After the deal was announced by the seller, debt-ridden KEPCO, workers at Hyundai’s main factory in Ulsan abandoned their posts for two hours on Tuesday and Wednesday, and extended the period to four hours from Thursday; the workers voted on Friday to extend the strike until this week. The strike is the second in a month amidst hindered wage negotiations: the union wants the workers’ regular bonuses to be considered as part of their basic pay, so that a higher base amount will be used when calculating overtime, holiday shifts and pensions. Hyundai has refused to concede to the request, saying that it would increase its salary cost by 10%; the chaebol’s domestic employees, not including executives, earn an average of US$90,419 annually.
After several rounds of unproductive wrangling with the Hyundai management, unions at Hyundai and its sister company, Kia, had staged partial strikes for two days in late August. According to Yonhap news agency, which cited a Hyundai official, the strikes and the workers’ refusal to work overtime had resulted in the loss of US$673 million in sales and the preclusion of some 32,000 cars from being produced. Hyundai, with its affiliate Kia, is the fifth largest carmaker in the world, and has been riddled with strikes in all but four of the union’s 27 years in existence.

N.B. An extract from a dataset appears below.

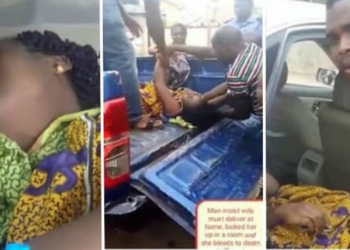 pregnant wife bleed to death in Ebonyi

Coupled with the strong South Korean Won, Hyundai has been working to accelerate overseas production, with its new factories in China and Mexico expected to start churning out cars by 2016. Last year, the automaker only made 38% of its cars in South Korea, down from 80% in 2004. Then came the news that Hyundai had bid for a plot of land in upmarket Gangnam, for a price that was three times its assessed value. In a statement, the union said, “The management has kept saying they don’t have enough money while opposing the wage reform…But look how much money they have for this property deal!”
The land deal is beginning to look more like the fulfillment of one man’s fantasy, namely, CEO Chung Mong-koo, as it has been revealed that the conglomerate’s Boards were kept in the dark about the bid price. While the Boards of all three firms – Hyundai Motor, Kia Motors and Hyundai Mobis – discussed and approved the bidding for the plot to house a new headquarters, the bid price was deemed confidential and the Board members were not privy to it. One unidentified director was reported to have said, “The price was top secret, so it was not something we discussed at the meeting…The intangible benefits go beyond the appraisal price of the land.” Board disapproval is uncommon at chaebol’s.
Chung Mong-koo simply said that the decision was made after considering “the big picture of the company’s growth over the next 100 years.” With no concrete explanation to show shareholder benefits or value-creation, Hyundai Motor’s share price plummeted to its lowest in 17 months, closing at US$187 on Friday, and losing some 15% of the company value since the deal was announced.